WORK TO BE COMPLETED:
Exactly as written, print out each entry in the data, with no pictures.
--- TASK INPUT Enclosed Below ---
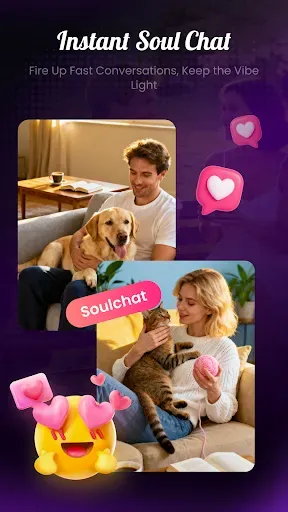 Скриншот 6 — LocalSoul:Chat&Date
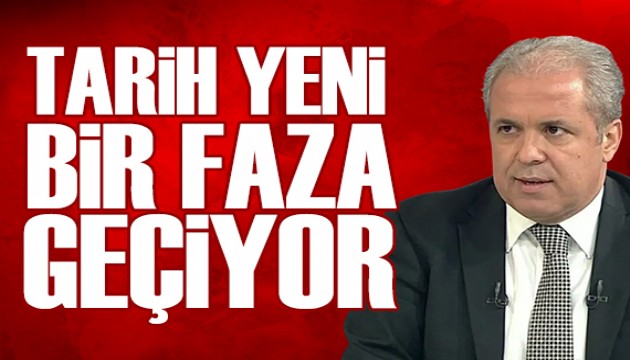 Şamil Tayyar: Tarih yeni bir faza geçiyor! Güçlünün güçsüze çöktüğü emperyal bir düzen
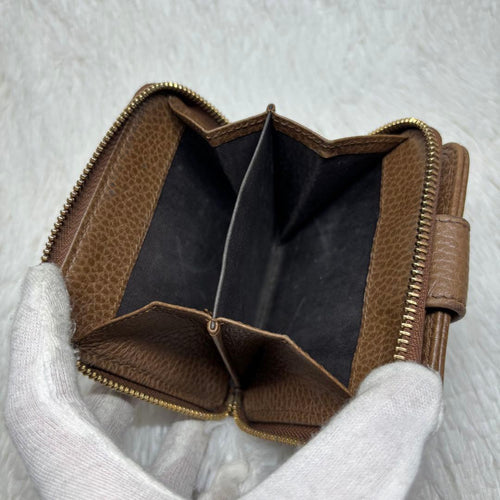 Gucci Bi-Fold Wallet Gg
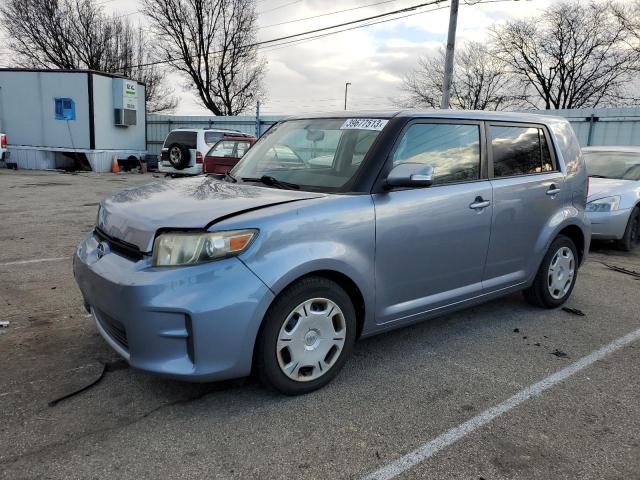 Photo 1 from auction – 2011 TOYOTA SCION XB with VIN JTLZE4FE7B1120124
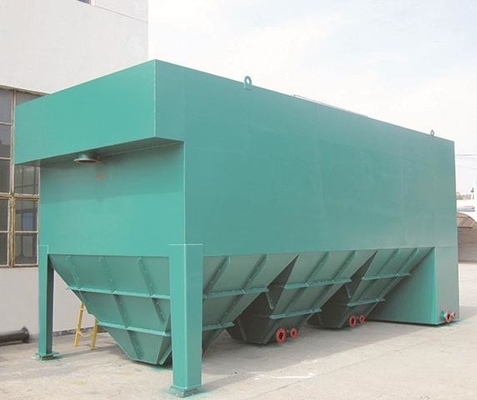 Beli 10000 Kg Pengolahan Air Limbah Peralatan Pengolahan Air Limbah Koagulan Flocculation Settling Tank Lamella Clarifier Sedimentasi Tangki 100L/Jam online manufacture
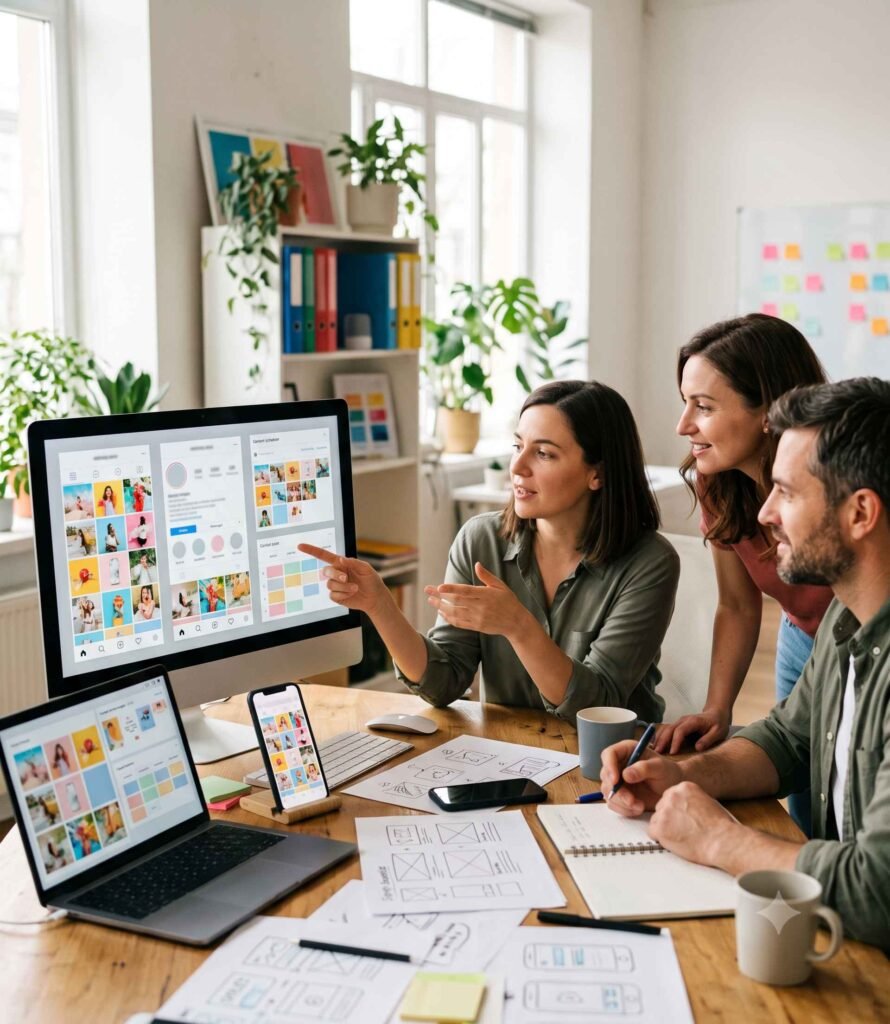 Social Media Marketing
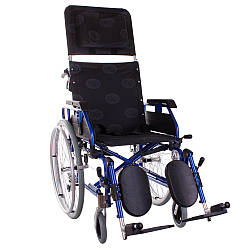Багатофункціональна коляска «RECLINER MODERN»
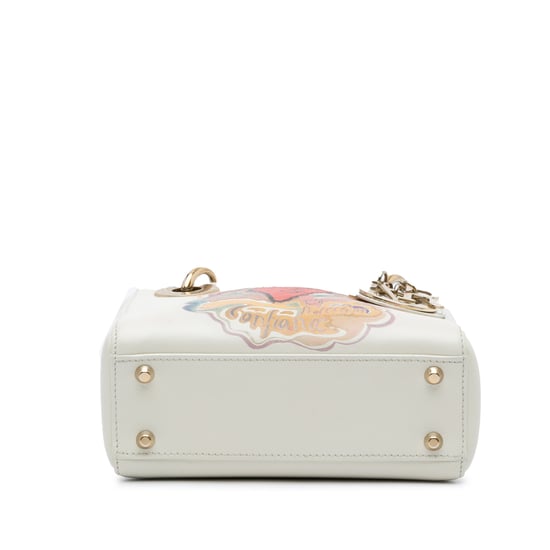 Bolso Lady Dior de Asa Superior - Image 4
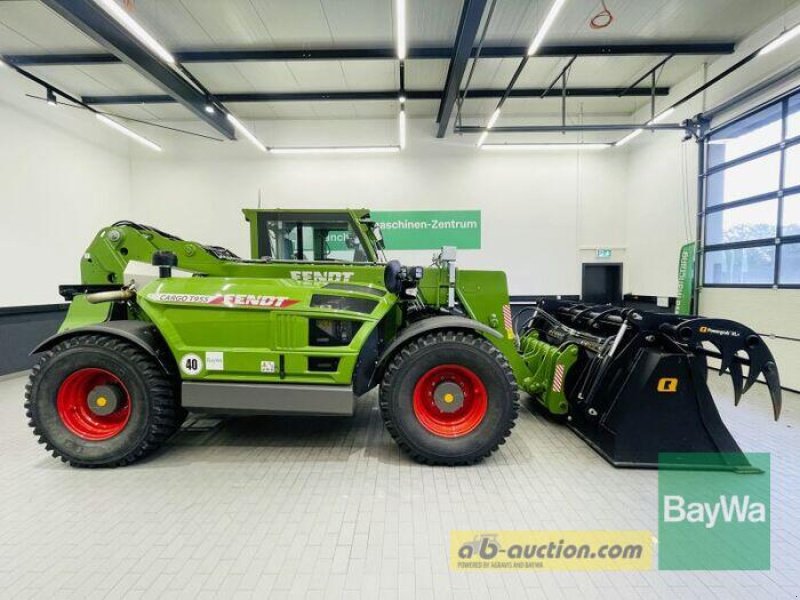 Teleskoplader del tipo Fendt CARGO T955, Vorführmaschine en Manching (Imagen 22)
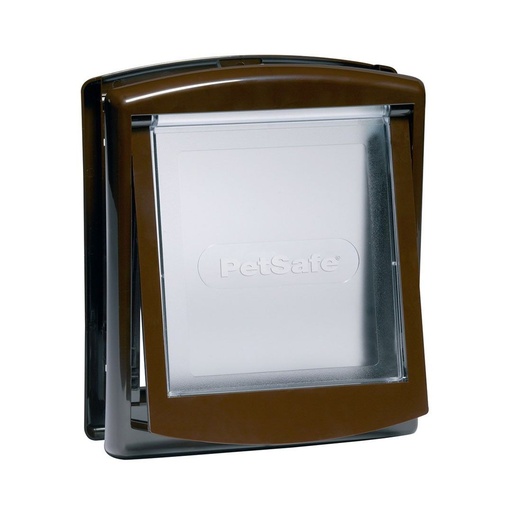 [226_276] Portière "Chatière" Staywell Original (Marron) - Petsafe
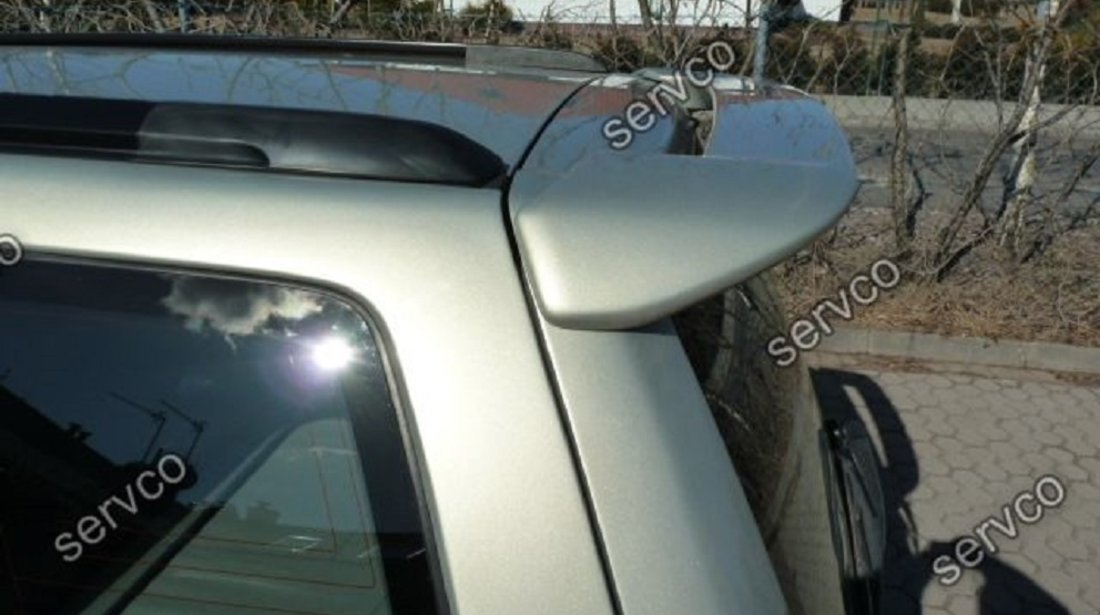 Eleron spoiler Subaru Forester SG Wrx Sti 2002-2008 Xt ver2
--- End of Enclosed TASK INPUT ---
RESPONSE AREA:
 Скриншот 6 — LocalSoul:Chat&Date
 Şamil Tayyar: Tarih yeni bir faza geçiyor! Güçlünün güçsüze çöktüğü emperyal bir düzen
 Gucci Bi-Fold Wallet Gg
 Photo 1 from auction – 2011 TOYOTA SCION XB with VIN JTLZE4FE7B1120124
 Beli 10000 Kg Pengolahan Air Limbah Peralatan Pengolahan Air Limbah Koagulan Flocculation Settling Tank Lamella Clarifier Sedimentasi Tangki 100L/Jam online manufacture
 Social Media Marketing
Багатофункціональна коляска «RECLINER MODERN»
 Bolso Lady Dior de Asa Superior - Image 4
 Teleskoplader del tipo Fendt CARGO T955, Vorführmaschine en Manching (Imagen 22)
 [226_276] Portière "Chatière" Staywell Original (Marron) - Petsafe
 Eleron spoiler Subaru Forester SG Wrx Sti 2002-2008 Xt ver2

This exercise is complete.